His son György (1929–2006) was a similar character. It is known of him that as a young teacher in a secondary school, at a Party meeting, he looked Communist dictator Mátyás Rákosi in the eye and publicly demanded his resignation. During the 1956 Revolution he was a member of the Revolutionary Committee of Intellectuals, and after the fall of the revolution he disseminated illegal flyers in the name of the short-lived Hungarian Democratic Independence Movement. He was arrested in 1958, tried in the show trial of psychologist Ferenc Mérei, and sentenced to six years in prison by the hang judge Ferenc Vida.
György Litván’s mug shot, 1958. Source: Oral History Archives, 1956 Institute
He was released in 1962, and for eight years worked as a secondary school teacher and librarian. Later, he got a job in the Institute of History at the Hungarian Academy of Sciences. In a debate he said, „as a historian I focused on the Leftist thinking in Hungary, on the search for new roads, struggles, and fails”. He played an outstanding role in public life, too: in 1988, he was a founding member of the Committee for Historical Justice and of the Alliance of Free Democrats, and from 1991, the director of the 1956 Institute.
The notes, sources, and literature he collected for his monographies on Oszkár Jászi, Mihály Károlyi, and Ervin Szabó are part of the material.
György Litván’s papers, notes, and letters, now deposited at Blinken OSA, were arranged by his wife, historian Éva Gál, who died in 2021. Her book Lejáratás és bomlasztás (Slander and disruption), available in our library, on the Mérei trial and the Szalai affair is an outstanding volume based on thorough and extensive archival research.
György Litván’s notes and manuscripts
The recollections of Katalin, György Litván’s daughter, can be read in the book Carrying a Secret in My Heart, a compilation of interviews with the children of victims of the reprisals after the Hungarian Revolution.
The deposit will be processed with guidance coming from György’s son, Károly.

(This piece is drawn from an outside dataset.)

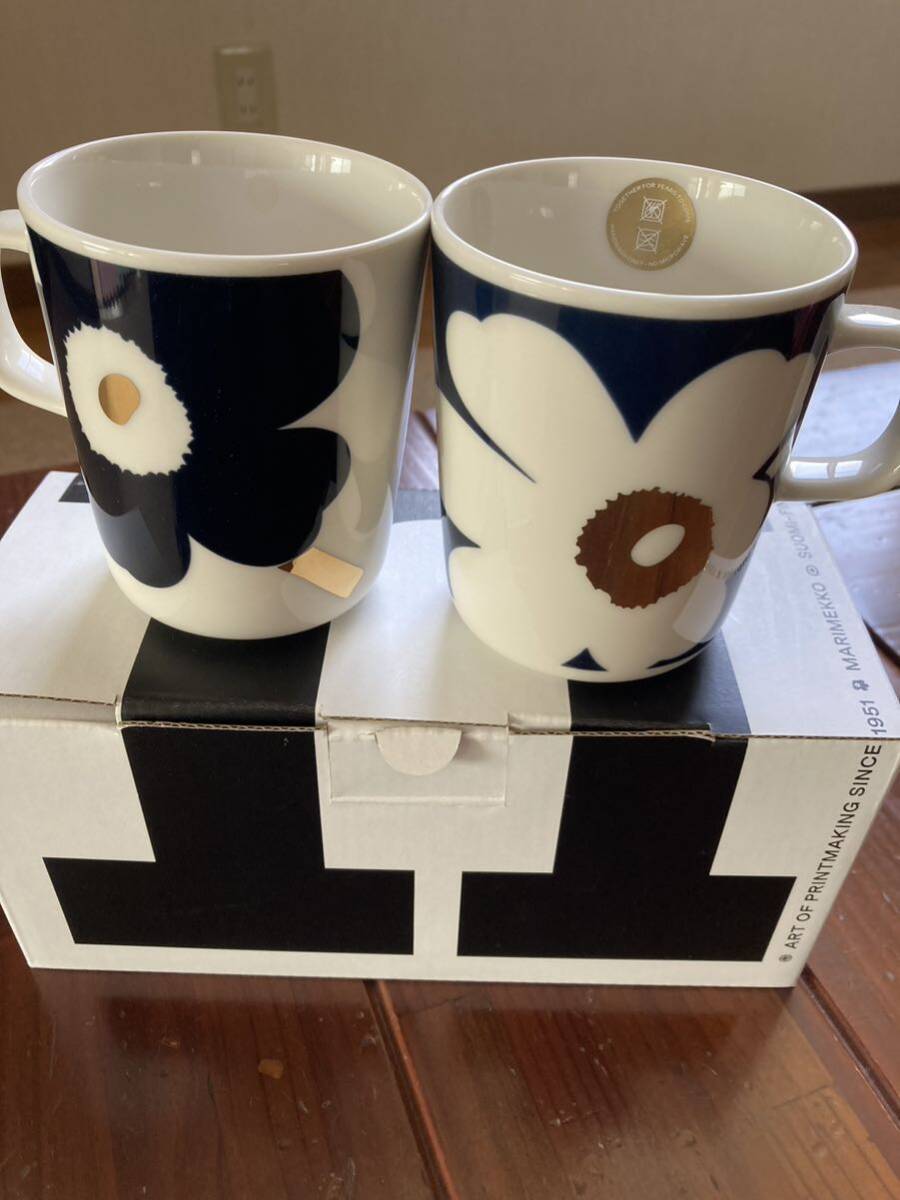 マリメッコ　MARIMEKKO　 マグカップ　JUHLAUNIKKO　５２２３９－４－７２９２８　セット２５０ｍｌ　white/Darkblue/gold_画像1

Besides the family documents and books, the interviews made with family members by the 1956 Institute’s Oral History Archives will be available for researchers at Blinken OSA.
Hundreds of books signed for the Litván family map their professional and personal networks. One of the books in the bottom row is a worn copy of a children’s encyclopedia, still today used in schools, with the dedication by editor Ferenc Mérei in December, 1971.
„Dady, comehome I want you”. Letter by seven-year-old Károly to György, unaware that his father was in prison, 1961. Source: Carrying a secret in my heart.